BUENOS AIRES, Argentina -- Carrefour, the French retailing giant, is focusing on customer service as it seeks to expand its presence in Argentina.
And it is not alone: Coto here, a domestically owned 71-store chain of supermarkets, is offering shoppers some distinctive services as well.
Currently, Carrefour, with 22 stores, most in the Buenos Aires region, is the largest operator of hypermarkets in the country.
The emphasis on service is built into the format of Carrefour's recently opened units, the newest of which debuted in September.
The typically 80,000-square-foot stores have between 60 and 70 checkouts. All the checkouts are rarely in use at the same time, perhaps only three or four weekends a year. Carrefour built in the oversupply so customers "will never have to wait" to pay for their purchases, according to a company spokesman.
The stores also have in each department a category expert available to answer customer questions and promote products. The experts appear as eager to consult with an elderly man about laundry detergent as to display their thorough knowledge of the products in a store's cosmetics aisle.
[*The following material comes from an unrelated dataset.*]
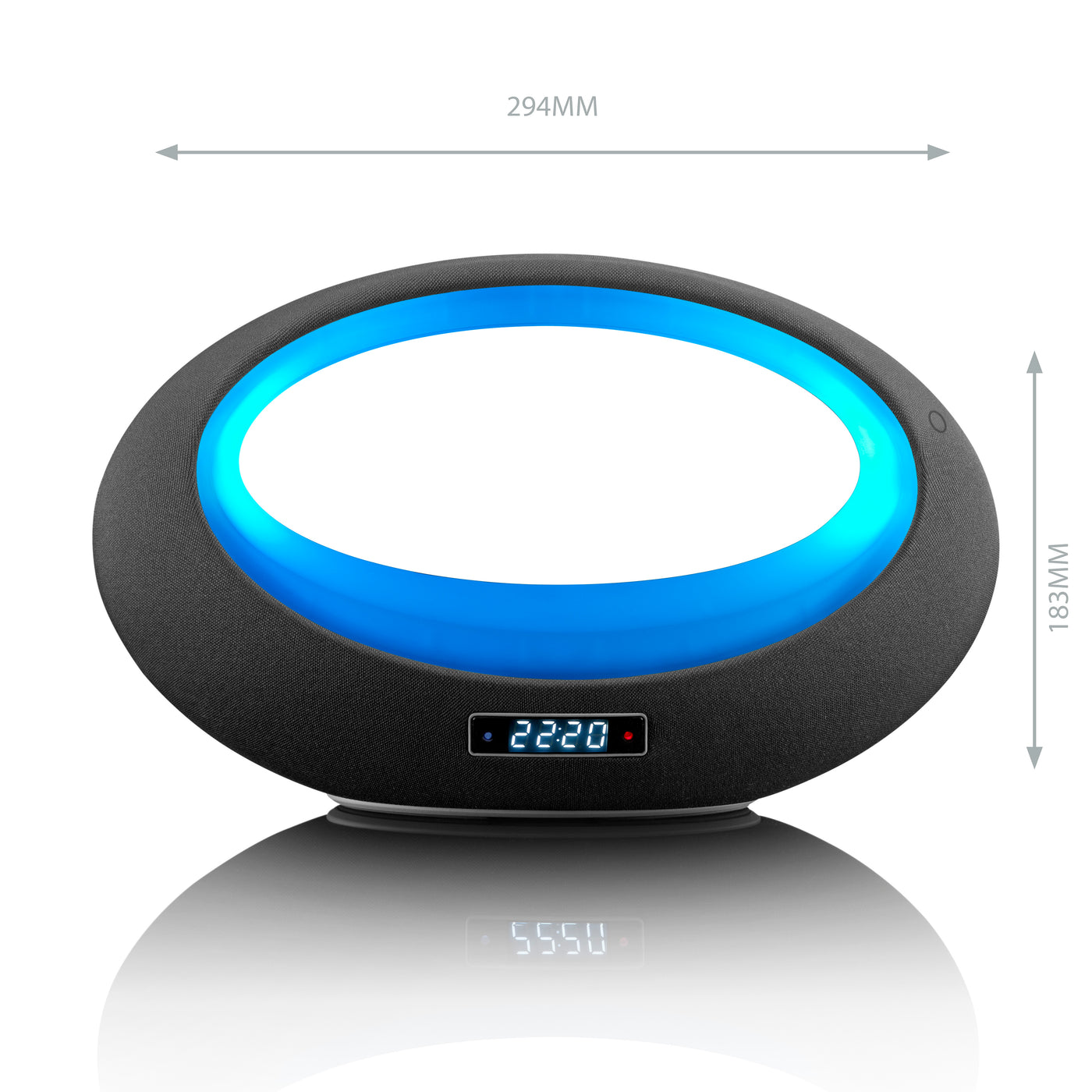 Lenco BT-210 - Enceinte Bluetooth® avec autonomie de 8 heures, puissance de 6 Watts et éclairage LED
Along with the in-house experts, manufacturers representatives are also frequently on hand to promote their employers' products.
As a result, customers should have no trouble finding someone to answer their questions. At any given time, there are approximately 130 Carrefour employees (out of a total store workforce of 400) and roughly 100 manufacturers reps available to assist shoppers.
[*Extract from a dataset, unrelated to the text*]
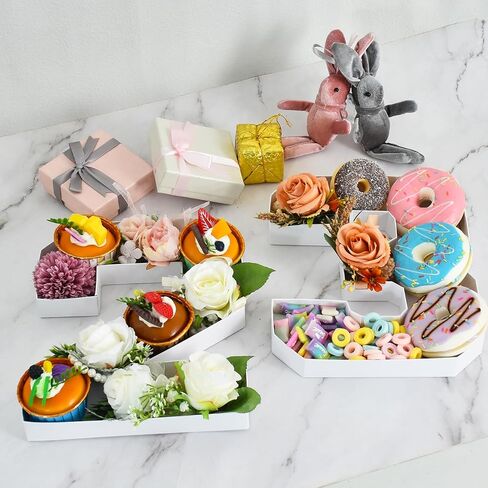TONIFUL 10" White Paper Mache Number Cardboard Chocolate Covered Strawberries Fillable Sweets Macarone Candy Container Box (1) in Saudi Arabia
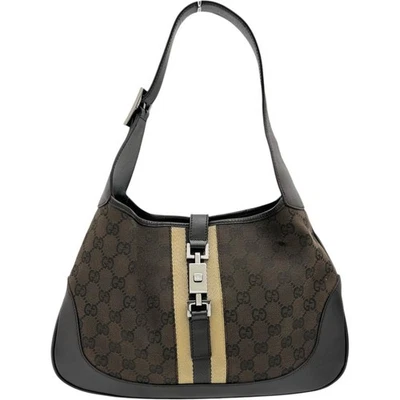 Bolso de Mano Gucci Jackie Hobo Bolso de Hombro GG Supreme Línea Jerez Marrón Foto 1 de 4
Other international food retailers expanding their presence in Argentina include Wal-Mart Stores, Bentonville, Ark., France-based Auchan and several Chilean supermarket companies.
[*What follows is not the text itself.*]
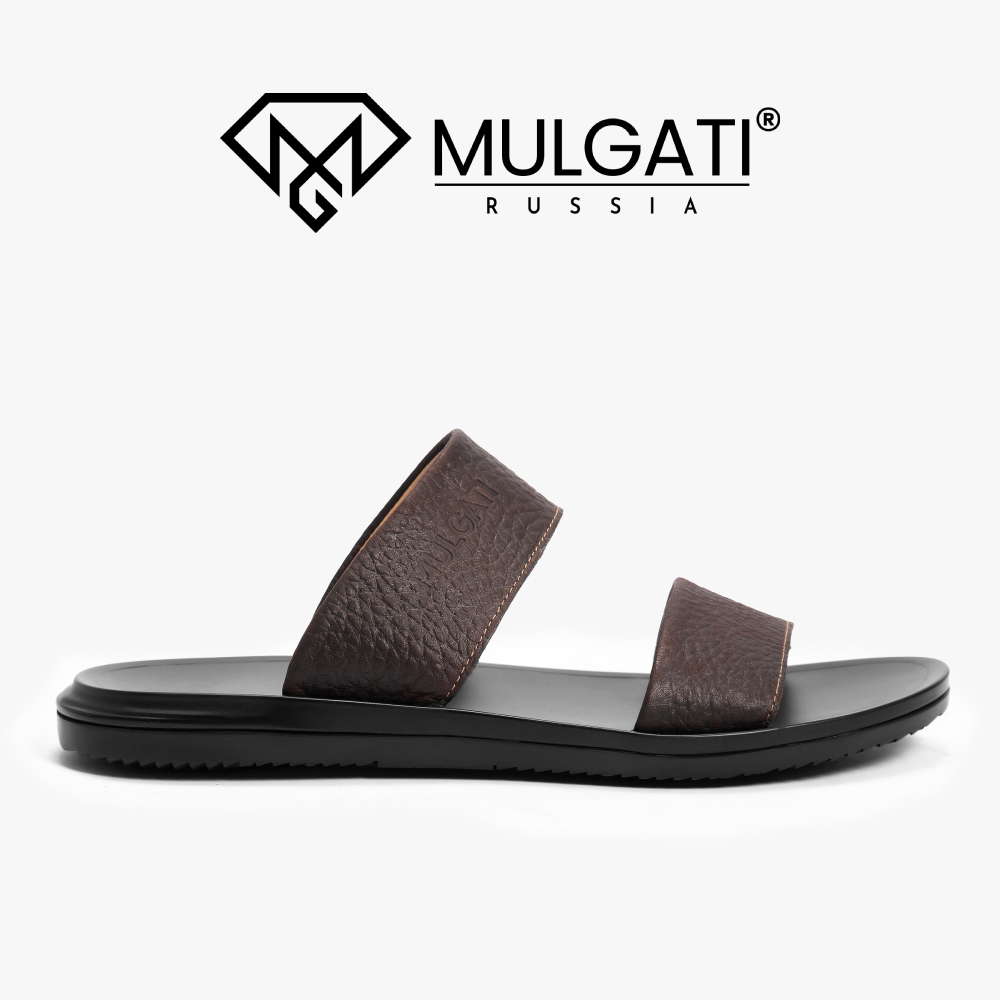 Dép da nam MULGATI quai ngang - LS0111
A Carrefour spokesman said the company is not worried about Wal-Mart's arrival and growth in Argentina. He said his company and Wal-Mart do not really compete for the same customers, with Carrefour attracting more upscale shoppers and Wal-Mart drawing on a more price-conscious market.
Domestic food retailers, who have been selling to the price-conscious market, are also using customer service to hold on to their shoppers.
Coto, which began as a family-owned butcher shop in 1970 and has grown into one of Argentina's largest supermarket chains, and is still family-owned, features one of the more distinctive services: a day care center with a high-tech security system for shoppers' children.
When parents drop off their children, digital photographs of the kids are taken. The parents get a card with the photo on one side, a bar code on the other. To retrieve a child, the photo must match the appearance of the actual kid, and the bar code must match the one on a wrist tag the children wear while in the center.
The center also has a video camera broadcasting live to monitors throughout the store, so parents can keep track of their kids even while shopping.